The 38-story Ritz-Carlton Residences Waikiki Beach, which will stand at 2121 Kuhio Ave., will have 309 units — studios to three-bedroom apartments ranging from 400 square feet to more than 3,000 square feet. Prices run from $500,000 to $15 million.
Amenities include the requisite resort pools, spa and fitness center as well as Hawaii’s first Dean & DeLuca gourmet market.
The mixed-use development will also include the first Sushi Sho restaurant outside of Japan and the farm-to-table restaurant BLT Market.
A select group of about 75 pre-screened potential buyers crowded the project’s sales office and showroom on the aptly named Luxury Row stretch of Kalakaua Avenue on Saturday for the official release of a "reserve collection" of full oceanview units. The event was broadcast live to satellite venues in Tokyo and Shanghai — "an industry first," according to Grosfeld, and streamed via the project’s official website.
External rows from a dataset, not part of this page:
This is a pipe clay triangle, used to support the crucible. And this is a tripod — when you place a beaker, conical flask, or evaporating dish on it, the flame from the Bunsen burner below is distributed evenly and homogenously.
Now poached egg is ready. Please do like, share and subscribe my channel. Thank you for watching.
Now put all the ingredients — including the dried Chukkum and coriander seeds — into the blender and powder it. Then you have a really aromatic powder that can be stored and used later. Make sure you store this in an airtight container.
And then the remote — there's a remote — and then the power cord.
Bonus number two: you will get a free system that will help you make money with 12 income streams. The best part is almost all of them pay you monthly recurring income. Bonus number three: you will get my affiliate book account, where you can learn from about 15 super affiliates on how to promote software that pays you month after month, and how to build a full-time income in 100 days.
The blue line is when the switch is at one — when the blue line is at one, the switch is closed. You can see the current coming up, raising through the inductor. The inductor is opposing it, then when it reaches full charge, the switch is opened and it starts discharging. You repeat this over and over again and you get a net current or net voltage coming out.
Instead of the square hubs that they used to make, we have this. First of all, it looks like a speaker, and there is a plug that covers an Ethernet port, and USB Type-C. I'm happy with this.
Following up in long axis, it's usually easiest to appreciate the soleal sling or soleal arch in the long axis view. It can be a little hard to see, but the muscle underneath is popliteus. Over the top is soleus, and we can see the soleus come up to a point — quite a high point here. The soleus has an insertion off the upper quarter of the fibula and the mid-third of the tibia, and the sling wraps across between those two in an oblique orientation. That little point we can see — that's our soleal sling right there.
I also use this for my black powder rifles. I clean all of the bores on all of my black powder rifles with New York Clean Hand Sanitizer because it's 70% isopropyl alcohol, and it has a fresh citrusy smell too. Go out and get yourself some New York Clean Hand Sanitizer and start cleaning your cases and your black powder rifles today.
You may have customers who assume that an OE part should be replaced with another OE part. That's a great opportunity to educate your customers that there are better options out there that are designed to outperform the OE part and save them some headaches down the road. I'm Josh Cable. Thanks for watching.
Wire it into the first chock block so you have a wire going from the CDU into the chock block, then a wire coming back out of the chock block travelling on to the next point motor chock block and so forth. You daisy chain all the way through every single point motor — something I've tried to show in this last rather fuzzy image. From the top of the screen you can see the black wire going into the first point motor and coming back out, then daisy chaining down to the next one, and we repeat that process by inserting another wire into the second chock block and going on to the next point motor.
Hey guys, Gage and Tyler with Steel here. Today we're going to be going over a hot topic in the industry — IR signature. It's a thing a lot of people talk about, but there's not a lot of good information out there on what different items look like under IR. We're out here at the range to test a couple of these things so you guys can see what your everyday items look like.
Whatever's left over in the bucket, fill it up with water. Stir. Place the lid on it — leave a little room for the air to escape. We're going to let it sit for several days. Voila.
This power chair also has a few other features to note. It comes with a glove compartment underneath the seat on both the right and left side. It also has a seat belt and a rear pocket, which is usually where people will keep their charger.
Grosfeld, whose previous projects include the Trump International Hotel Waikiki Beach Walk, said the Ritz-Carlton name is an instant draw for Japanese clientele.
"It’s by far the best brand for our customers from Asia," he said. "It’s the No. 1 luxury brand."
Grosfeld said the building, designed to appeal to international customers while maintaining a "Hawaiian sense of place," will help to upgrade the overall appearance of an area of Waikiki that has not seen significant development in decades.
The greatest local impact, however, will be economic, Grosfeld said. "There will be a ton of construction jobs," he said. "The project will require a lot of labor in general for the amenities, restaurants, spa — we’ll be a huge employer. And with more than 300 units, there will also be a lot of real estate taxes (generated)."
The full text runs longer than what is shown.